Oil prices continued their march higher in European trade on Wednesday, extending gains into a third session as investors looked ahead to weekly data
Crude oil – Oil prices continued their march higher in European trade on Wednesday, extending gains into a third session as investors looked ahead to weekly data from the U.S. on stockpiles of crude and refined products. After markets closed Tuesday, the American Petroleum Institute said that U.S. oil inventories fell by a whopping 10.2 million barrels in the week ended July 21. The API report also showed a gain of 1.9 million barrels in gasoline stocks, while distillate stocks fell by 111,000 barrels. There are often sharp divergences between the API estimates and the official figures from EIA. Oil prices scored their biggest one-day rally of 2017 on Tuesday as fresh pledges from Saudi Arabia and Nigeria at the start of the week to respectively pull back on exports and output boosted sentiment. At an Organization of the Petroleum Exporting Countries meeting on Monday, Saudi Arabia announced it would cut August exports to 6.6 million barrels a day, which would be a million less than a year earlier. In addition, Nigeria, which has been exempt from this year’s OPEC-led production-cut deal, pledged to cap output once it reaches a level of 1.8 million barrels a day. The cartel’s latest data put the country’s output at around 1.7 million. In May, OPEC and some non-OPEC producers, such as Russia, extended an agreement to slash 1.8 million barrels per day in supply until March 2018. So far, it has had little impact on global inventory levels due to rising supply from producers not participating in the accord, such as Libya and Nigeria, as well as a relentless increase in U.S. shale production.

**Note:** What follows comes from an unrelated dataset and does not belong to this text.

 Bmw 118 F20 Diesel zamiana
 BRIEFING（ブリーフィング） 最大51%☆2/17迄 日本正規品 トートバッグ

Gold – Gold prices edged lower in European trade on Wednesday, as market players looked ahead to the outcome of the Federal Reserve’s policy meeting for insight on the timing of the next U.S. rate hike and clues on how the central bank plans to pare back its balance sheet. The Fed is not expected to take action on interest rates at the conclusion of its two-day policy meeting at 2:00PM ET (1800GMT), keeping it in a range between 1.0%-1.25%. The central bank will release its post-meeting statement as investors look for any change in language which could point more clearly to the timing of its next rate hike. Market players will also pay close attention to details of when and how the Fed will start reducing its $4.5 trillion balance sheet. The Fed’s comments on inflation will also be in focus. According to Investing.com’s Fed Rate Monitor Tool, conviction for another rate hike before the end of the year has faded, with just 40% of market players expecting another move by December, as the subdued inflation outlook raised doubts over whether policymakers will be able to stick to their planned tightening path. Focus will also be on headlines coming out of Washington, where the Senate is expected to continue working to repeal Obamacare. The investigation into U.S. President Donald Trump campaign’s ties to Russia will continue to get attention.
Lead – In China’s market, scrap lead-acid battery prices dropped in late June and early July following lead price decline, with scrap motive battery price down by 150 yuan per tonne to 9,250 yuan per tonne from 9,400 yuan per tonne seen on June 22. This, coupled with strict environmental protection inspections, puts scrap battery recycling industry under shuffling. SMM survey finds that all small secondary lead smelters shut down in response to environmental checks, and output at large secondary lead smelter is also restricted by high temperature. Those smelters thus push down purchase price for scrap lead-acid battery, shrinking profits at scrap battery recyclers. Moreover, traders are active in selling with pessimistic outlook. Hence, scrap battery price failed tracing lead price up this week.